# Awesome Weather



## AmberSunrise (Apr 1, 2009)

Sounds like a great session  Good luck this weekend.


----------



## fuzzbuzz (Aug 3, 2008)

Have fun! Poole Knob is nice. Fisher and Slater will do great.


----------



## marsh mop (Mar 13, 2009)

Anney, good luck. I will be cheering for you and expect updates. You will love the grounds.
Jim


----------



## hotel4dogs (Sep 29, 2008)

I do NOT want to hear about lovely weather.
Good luck on the weekend, though!
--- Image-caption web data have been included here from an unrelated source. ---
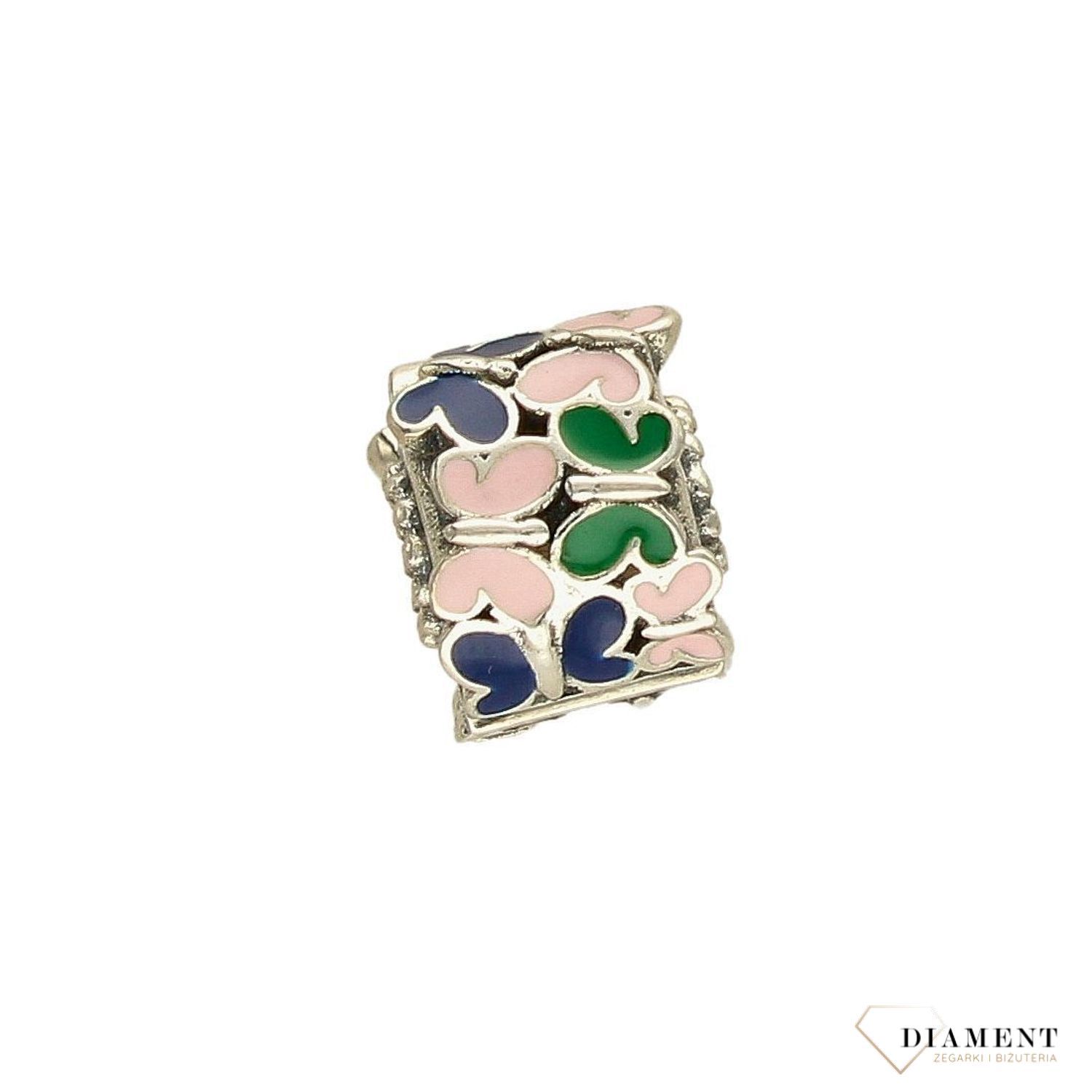 Charms Moments Klips Kolorowe Motylki DIA-CHA-4141-925. Modny charms do bransoletki klips Kolorowe motylki.jpg
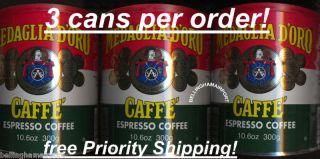 Medaglia DOro Espresso Coffee Three Tins 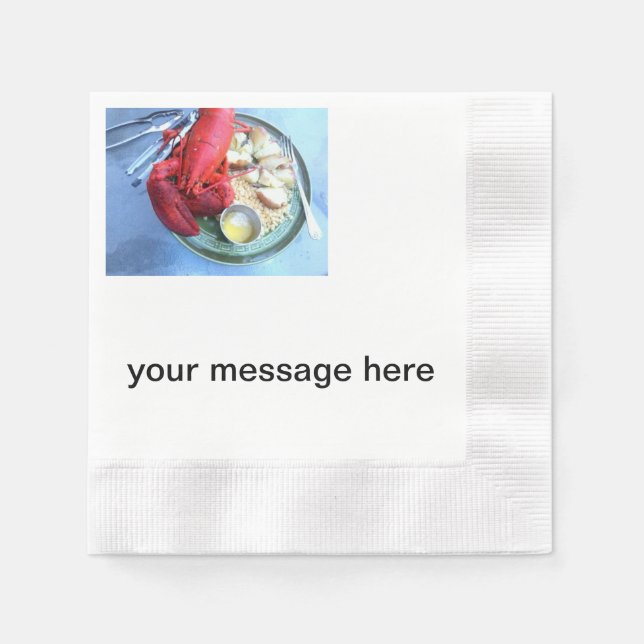 guardanapos de lagosta personalizados (Frente)
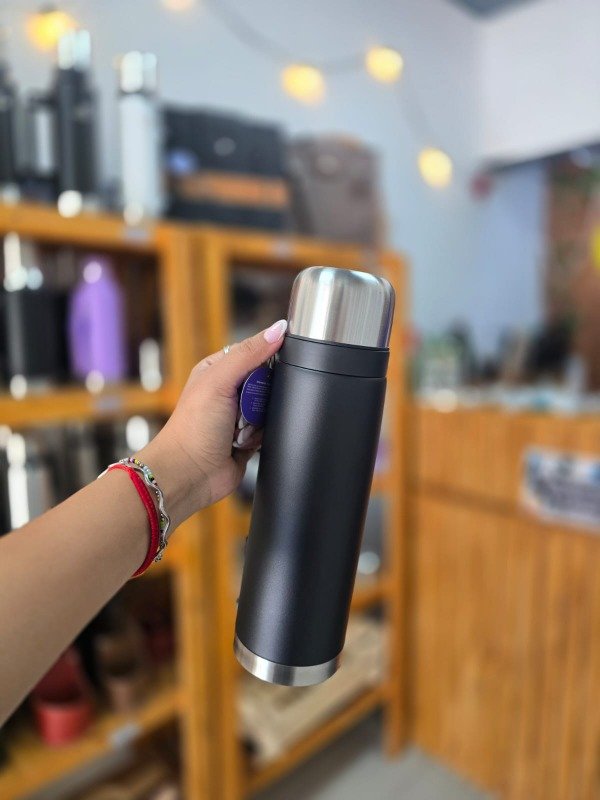 Producto - Termo media manija NEGRO 1Lt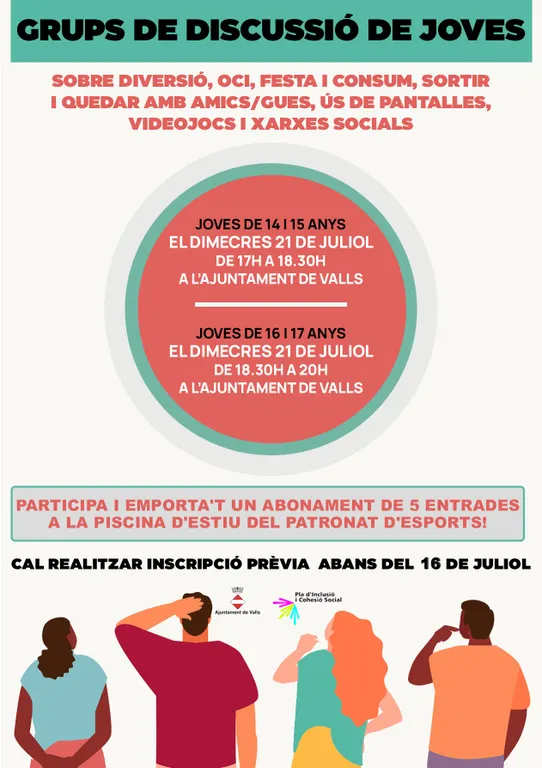 Darrer dia per inscriure’s als grups de discussió per a joves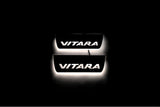 Suzuki Vitara 2015+ LED door sill plates stainless steel with Vitara logo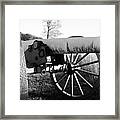 Gettysburg Cannon Framed Print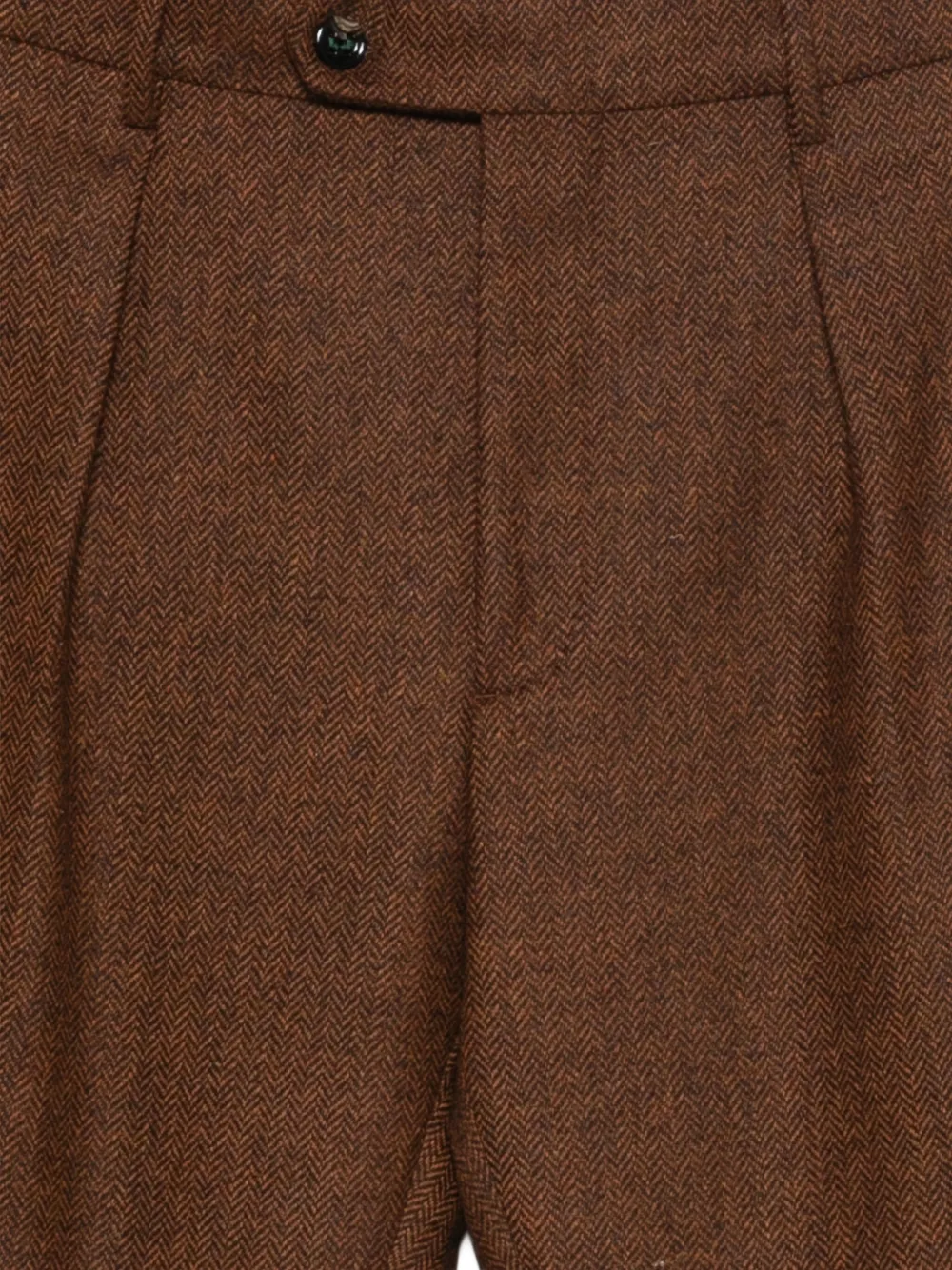 Berwich Chiaia broek met plooien en omgeslagen pijpen Bruin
I'll be cheering for you from afar!


----------



## sterregold (Dec 9, 2009)

La-la-la-la-la! Fingers in ears! I cannot bear to hear it! We also had rain, but it pulled the comfortable temperature in the 60s/70s back down into the 40s. And now there is rain in the forecast until the weekend. And of course it is supposed to clear up here just in time for me to go to Michigan to judge this weekend where the forecast is calling for thunderstorms!!!


----------



## DNL2448 (Feb 13, 2009)

Snowed here yesterday, and today is cold and yucky! Keep up the "good weather" bragging, and I just may have to do a little long distance rain dancin'...Just sayin!

Seriously, Have a BLAST with Fisher and Slater. Keep us up on how your guys do, and Great Luck!

I really, really need to find some active field trainers. Your sessions sound like such a fun time.


----------